Раскрылась дверь, на крыльцо вышел недавний сосед, белоглазый чиновник в сдвинутой набекрень фуражке. Громко икнув, полез в карман вицмундира, достал сигару.
– Па-азвольте огоньком одолжиться? – спросил он, приблизившись к молодым людям. Фандорину послышался лёгкий акцент, не то остзейский, не то чухонский.
Ахтырцев похлопал по карману, потом по другому – брякнули спички. Эраст Петрович терпеливо ждал. Неожиданно во внешности белоглазого произошло какое-то непонятное изменение. Он вроде бы стал чуть ниже ростом и слегка завалился набок. В следующий миг в его левой руке как бы само собой выросло широкое короткое лезвие, и чиновник экономным, гуттаперчевым движением ткнул клинок в правый бок Ахтырцеву.

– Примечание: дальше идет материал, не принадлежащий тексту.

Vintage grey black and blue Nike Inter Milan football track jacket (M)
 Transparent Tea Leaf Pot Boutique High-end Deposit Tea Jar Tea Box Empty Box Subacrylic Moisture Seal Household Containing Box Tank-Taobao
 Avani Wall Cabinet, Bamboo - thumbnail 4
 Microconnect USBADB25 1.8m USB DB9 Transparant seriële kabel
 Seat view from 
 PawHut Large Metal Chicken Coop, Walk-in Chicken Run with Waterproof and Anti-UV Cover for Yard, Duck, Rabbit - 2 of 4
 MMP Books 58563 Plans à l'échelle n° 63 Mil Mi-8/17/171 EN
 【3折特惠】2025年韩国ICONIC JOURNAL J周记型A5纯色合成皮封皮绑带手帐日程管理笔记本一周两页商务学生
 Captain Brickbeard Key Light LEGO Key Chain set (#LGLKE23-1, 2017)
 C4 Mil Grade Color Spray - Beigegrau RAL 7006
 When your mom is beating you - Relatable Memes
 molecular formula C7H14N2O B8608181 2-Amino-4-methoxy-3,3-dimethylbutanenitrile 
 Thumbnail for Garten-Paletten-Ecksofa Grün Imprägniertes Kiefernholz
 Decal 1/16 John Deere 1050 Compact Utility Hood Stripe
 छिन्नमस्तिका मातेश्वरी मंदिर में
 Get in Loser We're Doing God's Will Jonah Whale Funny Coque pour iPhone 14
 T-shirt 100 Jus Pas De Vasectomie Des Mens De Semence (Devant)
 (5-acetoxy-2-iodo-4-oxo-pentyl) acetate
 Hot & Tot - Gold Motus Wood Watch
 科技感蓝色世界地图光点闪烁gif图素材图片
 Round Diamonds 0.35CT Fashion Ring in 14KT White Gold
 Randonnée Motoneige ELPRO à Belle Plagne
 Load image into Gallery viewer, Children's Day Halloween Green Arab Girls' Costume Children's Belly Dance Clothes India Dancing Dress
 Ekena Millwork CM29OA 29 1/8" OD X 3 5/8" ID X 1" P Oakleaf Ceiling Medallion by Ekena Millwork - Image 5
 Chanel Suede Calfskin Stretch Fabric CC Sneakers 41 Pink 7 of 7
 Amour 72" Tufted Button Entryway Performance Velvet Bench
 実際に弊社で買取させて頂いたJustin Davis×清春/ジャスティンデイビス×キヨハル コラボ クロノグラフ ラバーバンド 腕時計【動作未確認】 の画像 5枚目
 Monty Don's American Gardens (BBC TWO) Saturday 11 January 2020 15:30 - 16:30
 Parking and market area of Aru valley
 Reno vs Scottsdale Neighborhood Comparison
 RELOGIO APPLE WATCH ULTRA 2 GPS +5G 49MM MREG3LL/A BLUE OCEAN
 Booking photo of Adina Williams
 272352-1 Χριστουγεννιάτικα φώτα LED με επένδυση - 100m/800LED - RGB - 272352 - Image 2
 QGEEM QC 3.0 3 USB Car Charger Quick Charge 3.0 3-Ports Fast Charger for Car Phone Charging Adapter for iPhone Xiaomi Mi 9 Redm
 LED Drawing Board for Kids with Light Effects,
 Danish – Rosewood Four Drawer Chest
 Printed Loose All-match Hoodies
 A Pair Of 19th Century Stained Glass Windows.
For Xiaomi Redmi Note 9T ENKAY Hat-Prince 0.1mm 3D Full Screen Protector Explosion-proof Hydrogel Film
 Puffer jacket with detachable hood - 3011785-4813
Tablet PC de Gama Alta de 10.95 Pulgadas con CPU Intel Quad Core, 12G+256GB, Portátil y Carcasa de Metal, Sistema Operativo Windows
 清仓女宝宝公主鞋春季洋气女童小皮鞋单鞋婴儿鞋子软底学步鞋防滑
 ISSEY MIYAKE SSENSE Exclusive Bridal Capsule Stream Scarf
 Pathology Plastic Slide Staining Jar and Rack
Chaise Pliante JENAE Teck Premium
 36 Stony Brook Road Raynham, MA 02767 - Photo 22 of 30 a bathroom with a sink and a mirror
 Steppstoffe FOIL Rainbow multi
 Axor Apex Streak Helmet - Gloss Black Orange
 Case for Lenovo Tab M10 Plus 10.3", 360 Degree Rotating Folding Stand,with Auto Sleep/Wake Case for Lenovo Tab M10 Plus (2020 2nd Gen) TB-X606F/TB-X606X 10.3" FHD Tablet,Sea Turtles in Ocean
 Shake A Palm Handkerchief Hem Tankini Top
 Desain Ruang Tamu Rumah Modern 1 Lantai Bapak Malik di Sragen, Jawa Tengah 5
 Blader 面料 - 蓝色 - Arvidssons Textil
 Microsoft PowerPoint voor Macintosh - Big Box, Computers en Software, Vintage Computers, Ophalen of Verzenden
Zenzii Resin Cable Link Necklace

Последующие события произошли очень быстро, в две-три секунды, но Эрасту Петровичу померещилось, что время застыло. Он многое успевал заметить, о многом успевал подумать, только вот двинуться никак не было возможности, будто загипнотизировал его отблеск света на полоске стали.
Сначала Эраст Петрович подумал: это он его в печень, и в памяти откуда ни возьмись выпрыгнуло предложение из гимназического учебника биологии – «Печень – черево в животном теле, отделяющее кровь от желчи». Потом он увидел, как умирает Ахтырцев. Эраст Петрович никогда раньше не видел, как умирают, но почему-то сразу понял, что Ахтырцев именно умер. Глаза у него будто остекленели, губы судорожно вспучились, и из них прорвалась наружу струйка тёмно-вишнёвой крови. Очень медленно и даже, как показалось Фандорину, изящно чиновник выдернул лезвие, которое уже не блестело, тихо-тихо обернулся к Эрасту Петровичу, и его лицо оказалось совсем близко: светлые глаза с чёрными точками зрачков, тонкие бескровные губы. Губы шевельнулись и отчётливо произнесли: «Азазель». И тут растяжение времени закончилось, время сжалось пружиной и, распрямившись, обжигающе ударило Эраста Петровича в правый бок, да так сильно, что он упал навзничь и больно ударился затылком о край крылечного парапета. Что это? Какой ещё «азазель»? – подумал Фандорин. Сплю я, что ли? И ещё подумал: Это он ножом в «Лорда Байрона» угодил. Китовый ус. Талия в дюйм.